Following surgery, Dr. Schellhammer had a PSA failure, which was treated with hormone therapy and radiation. “And then again, like so many men, yet another PSA failure after salvage radiation,” he recalls.
He then enrolled in a clinical trial, experienced yet another PSA failure, and went on more hormone therapy, including ketoconazole and transdermal estradiol patches for his castrate- resistant nonmetastatic PCa. “I have been able thus far to avoid chemotherapy,” he remarks.
“But I point out to folks that here I am 10 years later doing—by all appearances and in actuality—quite well. I still work part-time, and I can tell patients, ‘This happened to me 10 years ago and you’re seeing me here now, even though I’ve been through these iterations of so-called failed treatment, so there’s plenty of optimism on the horizon.’ It’s not a choice that anyone would make in regard to their health status, but certainly in the big picture of being able to control the process and making prostate cancer a chronic disease like arthritis or diabetes, it falls into that spectrum.”
The emotional toll
As Dr. Schellhammer has told himself and his patients, the news of a PSA failure is devastating the first time and very upsetting the second time, “But after hearing it three or four or five times, like most things in life you begin to accommodate and say, ‘Let’s not crumble; let’s just suck it up and move on.’”
But unlike many of the men he has treated, Dr. Schellhammer did not have to struggle with the overwhelming question of, “What should I do?”
“It was a bit easier in the sense that I had, at biopsy, high-grade, Gleason 4 plus 5 so surveillance or watchful waiting certainly wasn’t a wise thing to think about,” he recounts. “I was still young at 60, I was familiar with the surgery, I was interested in learning more about the exact pathological findings—which I tell patients is one of the advantages of the surgical procedure.” Lymph nodes can be removed and examined to learn about extension beyond the prostate and maybe the need for hormone therapy or radiation to supplement the surgery.
However, he tries hard not to influence his patients. “If they know I’ve had the surgery, they click off and won’t even review the other options. They say, ‘Well, if that’s what he had, that must be the best,’” he affirms. “I want them to work through the decision in as unbiased a way as possible.”

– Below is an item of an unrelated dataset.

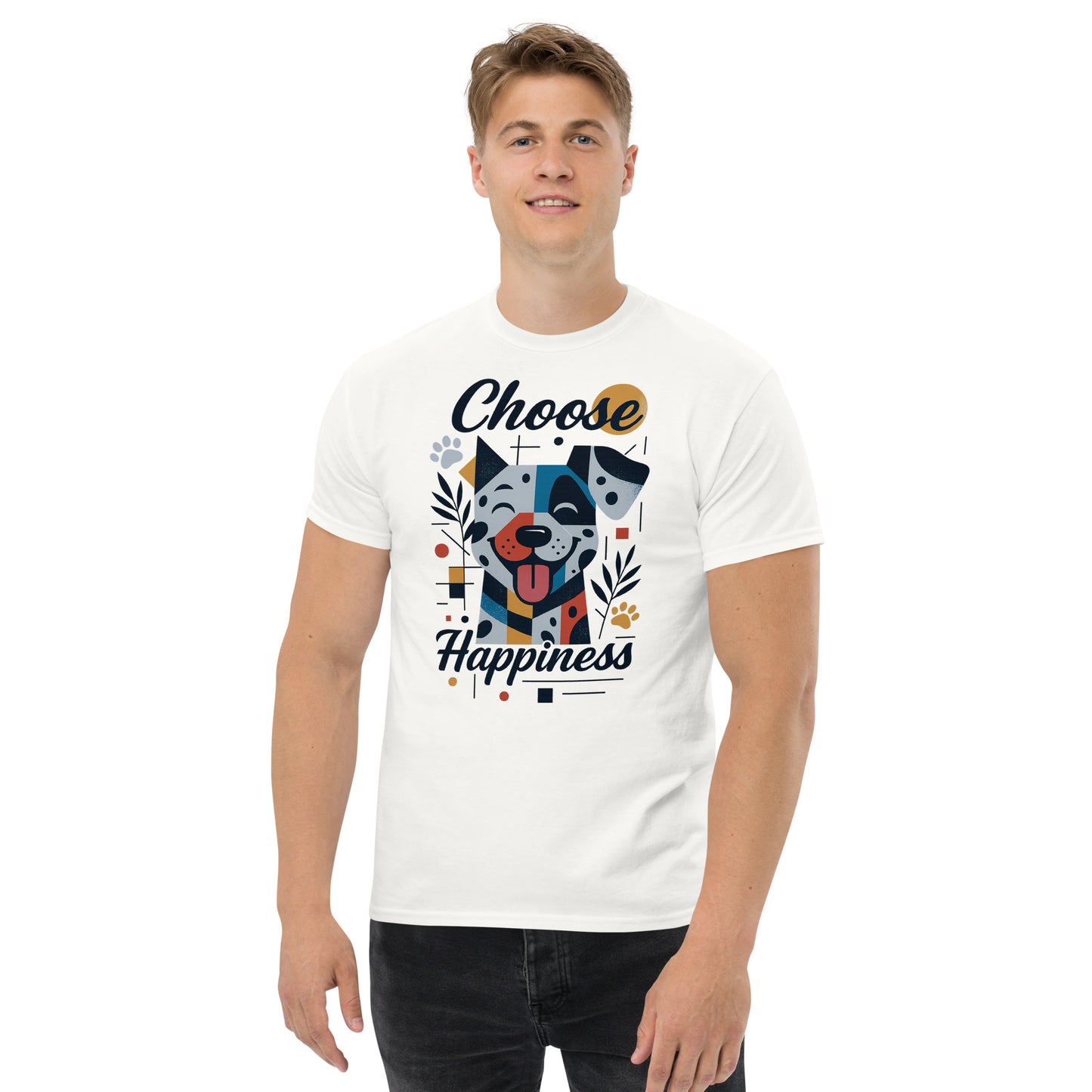 man wearing white t shirt with cute dog graphic choose happiness print front view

Interestingly, despite his professional training, Dr. Schellhammer can relate well to the confusion his patients feel. “I can honestly tell them that with all my background, the treatment options weren’t crystal-clear to me just as they are not to them. I don’t find it the least bit unusual that they can’t make up their mind about what to do, and they shouldn’t feel uncomfortable about their uncertainty either. I was surgically inclined, but that didn’t mean that I was confident surgery would cure the disease.”
He advises men to devote a few weeks to the research and decision-making process. “You’re going to live with the side effects of therapy almost certainly for 10 or more years, so don’t go rushing straightaway to a treatment decision,” he cautions.